# Material for this exercise

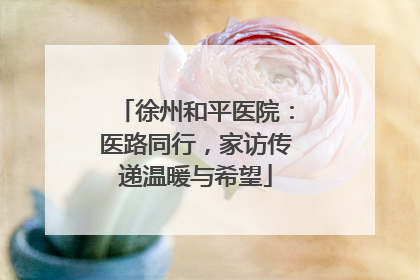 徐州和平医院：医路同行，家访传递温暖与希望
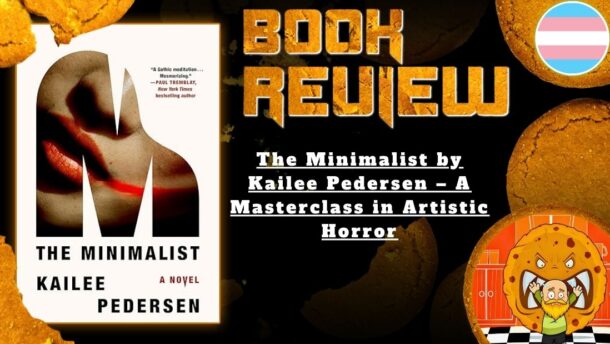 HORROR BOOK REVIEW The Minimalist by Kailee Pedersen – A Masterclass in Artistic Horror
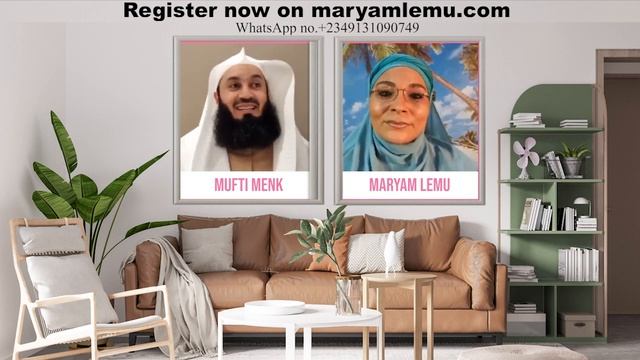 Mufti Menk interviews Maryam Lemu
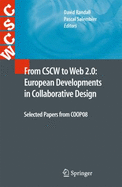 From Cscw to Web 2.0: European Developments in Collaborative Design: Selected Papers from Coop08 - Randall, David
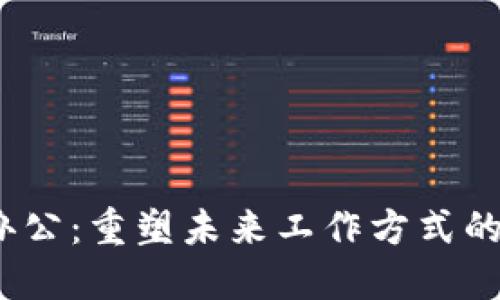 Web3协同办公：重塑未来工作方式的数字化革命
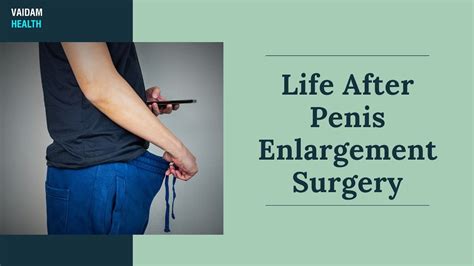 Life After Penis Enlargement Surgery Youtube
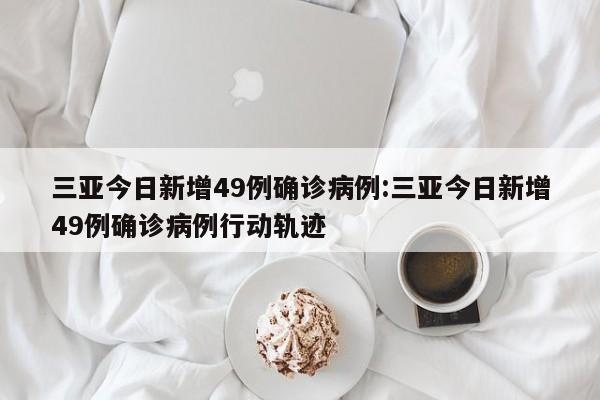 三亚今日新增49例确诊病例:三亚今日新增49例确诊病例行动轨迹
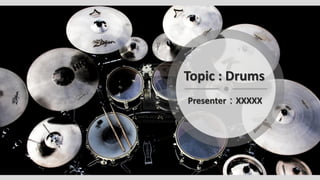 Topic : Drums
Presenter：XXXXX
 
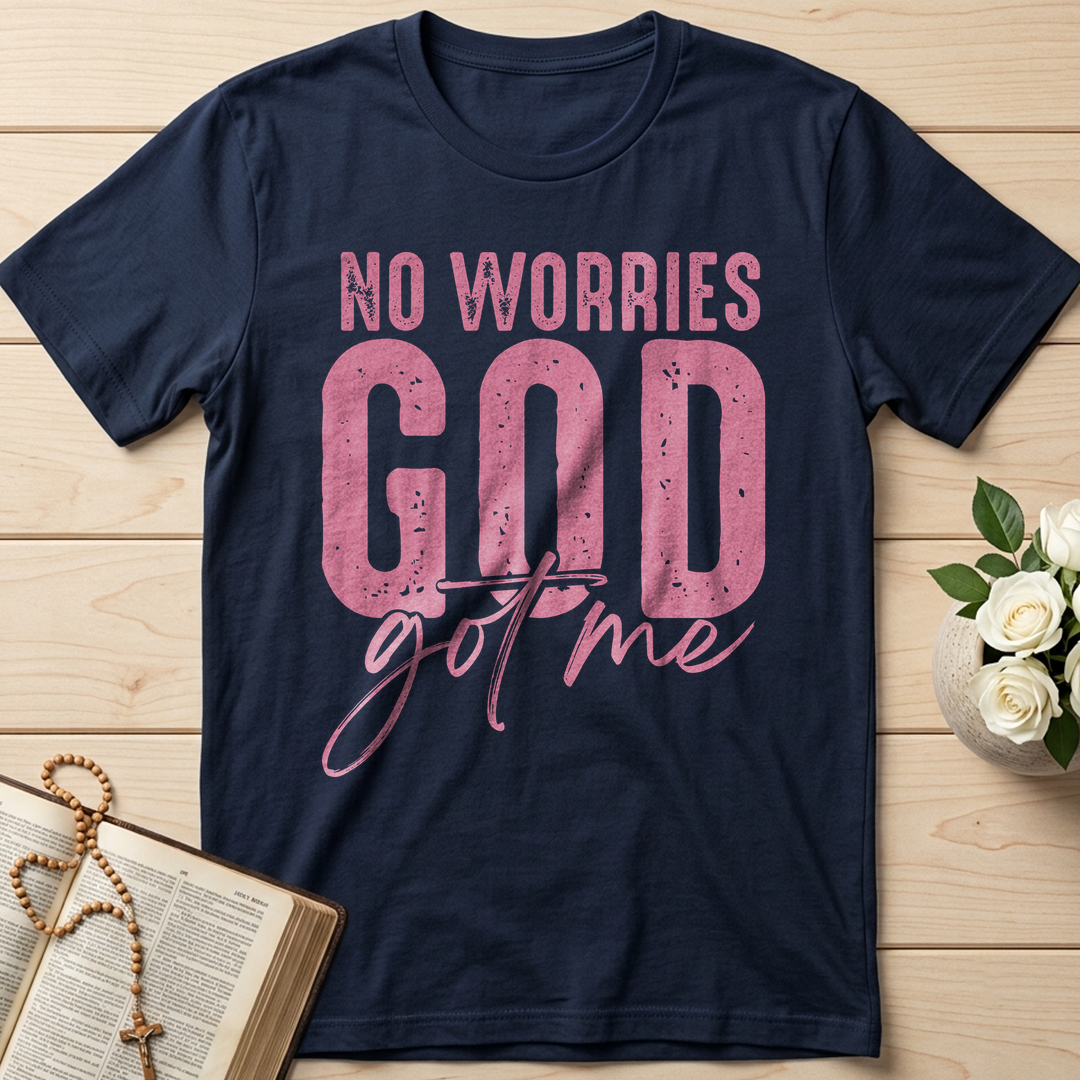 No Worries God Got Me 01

# Task goal
Skip the pictures and retype exactly the lines from the one that contains "Web3协同办公：重塑未来工作方式的数字化革命" to the last line of the records.

# Task response
 Web3协同办公：重塑未来工作方式的数字化革命
 Life After Penis Enlargement Surgery Youtube
 三亚今日新增49例确诊病例:三亚今日新增49例确诊病例行动轨迹
 Topic : Drums
Presenter：XXXXX
 
 No Worries God Got Me 01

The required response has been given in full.